Die Grundlage der allermeisten Säfte ist das Konzentrat. Konzentrat spart Transportkosten, weil es ja überall Wasser zum Verdünnen gibt. Die Herstellung läuft meist gleich ab. Erst werden die gewaschenen Äpfel zerkleinert und zu Mus gemacht. Enzymzusätze sorgen dafür, daß sich die Zellwände des Fruchtfleisches auflösen und selbst zu Saft werden. Das erhöht die Ausbeute. Mit verschiedenen Filtern und in mehreren Stufen trennt man erst die gröberen Fruchtfleischfetzchen, dann den Feintrub und schließlich einen Teil des Wassers vom Saft ab. Die klare und aufkonzentrierte Flüssigkeit wird nun in sogenannten Verdampfern zum Konzentrat eingedickt. Weil dabei auch die Aromastoffe mitverdampfen, müssen diese eigens abgetrennt oder zurückgewonnen werden.
Das aromafreie Konzentrat liefert den Grundstoff für unseren »Apfelsaft«. Durch Zumischen von Aroma und Verdünnen mit Wasser kann jede Firma ihren »eigenen« Markensaft mixen. Er ist allerdings wasserklar und kein bißchen »naturtrüb«. Das Problem läßt sich jedoch mit speziellen Trübungsmitteln lösen, die keinen nennenswerten Bodensatz bilden. Sie erhält man, wenn man beispielsweise die Filterrückstände vermahlt und homogenisiert. Das spart die Entsorgung und erfüllt den Kundenwunsch: Weil sie kleiner und damit leichter sind als die »echten« Trübstoffe, bleiben sie länger in der Schwebe und setzen sich kaum in der Flasche
ab. Wenn das noch nicht reicht, helfen mäßige Zusätze an Natriumcarboxymethylcellulose und Propylenglykolalginat, die allerdings in Deutschland verboten sind.

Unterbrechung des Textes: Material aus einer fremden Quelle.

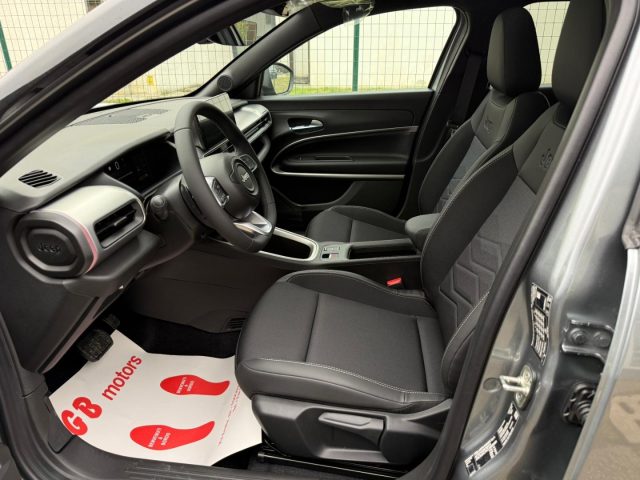 JEEP Avenger usata, con Climatizzatore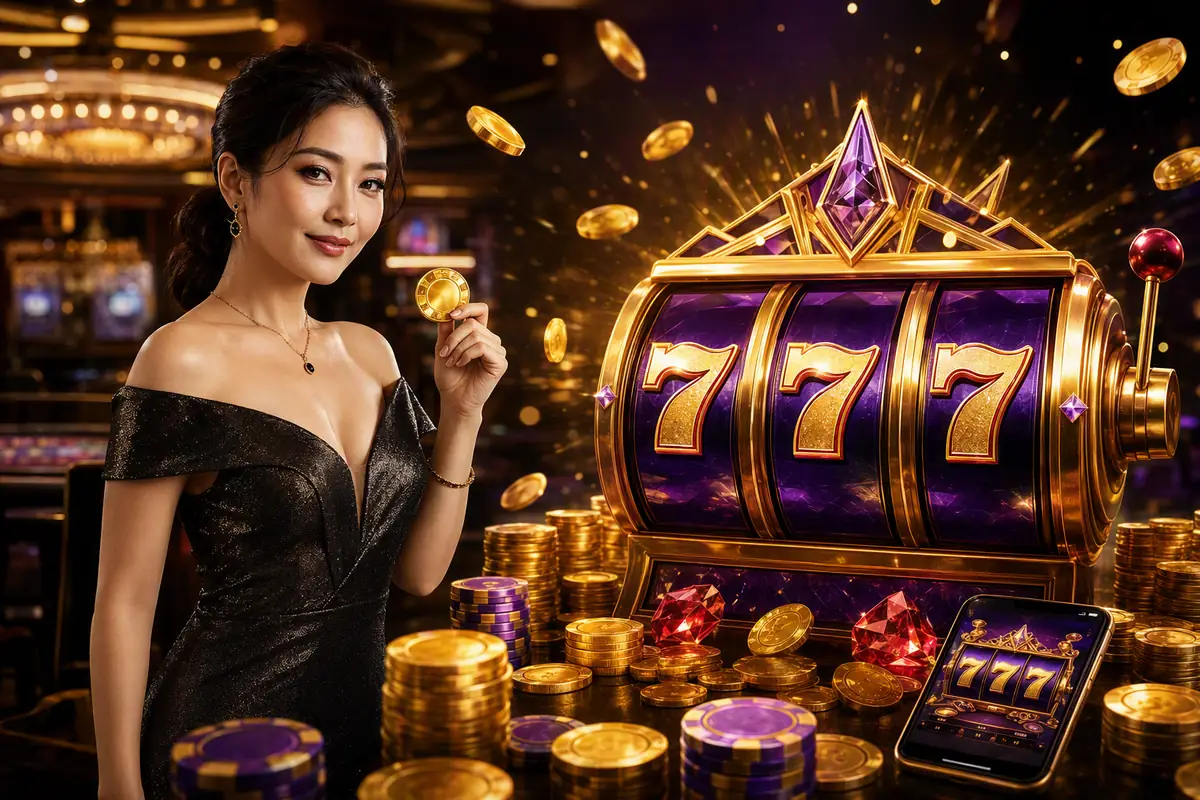 royal771 tips keselamatan kata laluan akaun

Das wohl pfiffigste Verfahren, um im Naturtrüben zu fischen, steuerte eine deutsche Saftfabrik bei. So wird’s gemacht: Äpfel mahlen, mit Ascorbinsäure versetzen und durch ein Sieb passieren. Das Mus mit der gleichen Menge Wasser versetzen, im Vakuum entgasen und erhitzen. Schließlich wird der Brei homogenisiert und der Anteil entfernt, der sich absetzen könnte. Das, was übrigbleibt, macht klare Säfte naturtrüb, und zwar so, daß sie ohne weiteres ein Jahr im Regal stehenbleiben können, ohne unappetitlich zu wirken.
Natürlich ist es auch heute noch möglich, naturtrübe Säfte ohne Trübungsmittel herzustellen, allerdings mit dem Nachteil, daß sie den oft unerwünschten Bodensatz bilden. Wer auf Nummer Sicher gehen will, muß seinen Saft entweder selbst pressen, eine Kelterei auf dem Lande auftun und dabei zusehen, wie die Äpfel in die Flasche kommen, oder einen sogenannten Direktsaft kaufen. Aber auch der wandert nicht immer direkt in die Flasche: Inzwischen gibt es einen lebhaften Handel mit Saft, der tiefgefroren in großen Fässern nach Deutschland geschafft, aufgetaut und abgefüllt wird.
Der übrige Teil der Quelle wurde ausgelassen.